High-sounding but irrelevant verbiage having no bearing on the facts. I mean, how grandiose you are in dismissing one simple fact: working our manufacturing economy was how Americans managed to have a standard of living envied by most of the world. How do you think wealth is created? By magic? Hardly: it's by building and selling things to other countries, it's called trade. The fact is, we've been doing a lousy job of that for the past thirty-odd years and that's why our standard of living is dropping and unemployment is increasing. Suppose we took your idea to its logical conclusion, and ended up with an entirely automated production system with no need for people at all. We'd all be unemployed at that point. No thanks. Fact is, there are millions upon millions of people that are perfectly happy installing wingnuts for a living, and there's not a goddamn thing wrong with that. Sure, in your idealized world we'd all live up to our "full potential" (whatever that is) but the reality is, most people are all they're ever going to be.
Open your eyes, and dispense with the notion, nay, the fiction, that a nation can be an industrial superpower without the industry. People with blinders on call that a "service economy" but it's really a synonym for "third world hellhole." Now, it may be that you're willing to live in some socioeconomic armpit (my girlfriend came from one: I could let her tell you what that means) but I'm not. Let me tell you, I've spent thirty years as an engineer working in our industrial sector, and we need it.
China may be willing to accept pollution (for now) but that doesn't mean that you must accept pollution in order to have an industrial base. We cleaned up our act and still managed to become a superpower. So can they, and eventually the cost of Chinese-made products will increase to reflect that. So the question is: will we still be around, or will we be just another third-world country ripe for the plucking?
You decide. But at this point in history, there's only one way to create wealth, and you don't do it by not working. Robots may be more efficient at manufacturing some products than human beings, but keep firmly in mind that civilization does not solely revolve around manufacturing trade goods efficiently. People have to figure in there somewhere. That's China's biggest problem right now: their people are little better than organic robots. In any event, if you look at efficiency as the only reason for industry, then you're no better than the typical American CEO slimeball that sold his own people down the river for a quick buck.
Parent
Re:Sanctions overdue (Score:5, Informative)

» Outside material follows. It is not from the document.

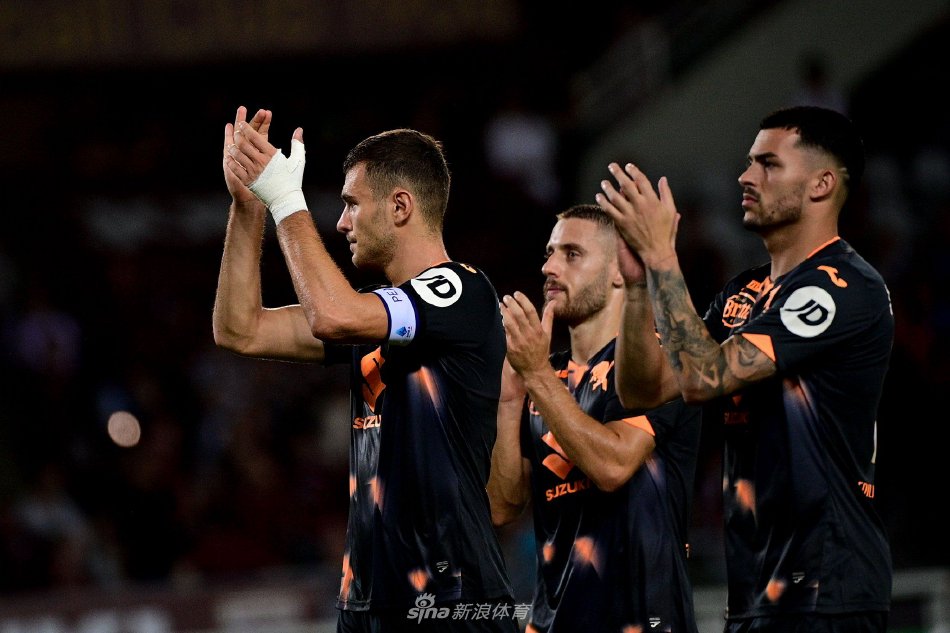 多个方面的 多个方面的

How do you think wealth is created? By magic? Hardly: it's by building and selling things to other countries, it's called trade.
This is categorically incorrect. You can create wealth without ever trading with another country on the entire planet. The idea that wealth only comes from a positive current account is a discredited idea that dates back to mercantilism.
You know how you really create wealth? By growing your GDP faster than your population, resulting in a growth in disposable income per capita. It doesn't matter if we're digging holes and filling them again, as long as at least one party in the economy finds this valuable to them.
Let's say I write a book and sell it to you for $10. Then let's say I pocket $2 of that as profit, then turn around and pay someone else $8 to print the book. That person turns around and pays someone else $6 for paper and ink. Etc., etc.
In exchange for your $10, you've made a whole series of people $2 richer, and you now own a book presumably worth $10 to you. That $10 just became $20 of national wealth, by the "magic" of economics. And no other countries were involved, no mining of gold or printing of money, just an input of domestic labor, capital, and resources to provide a product you value.
Economics is ultimately about everyone providing goods and services to everyone else. Money is just a mechanism for keeping score of who owes who what.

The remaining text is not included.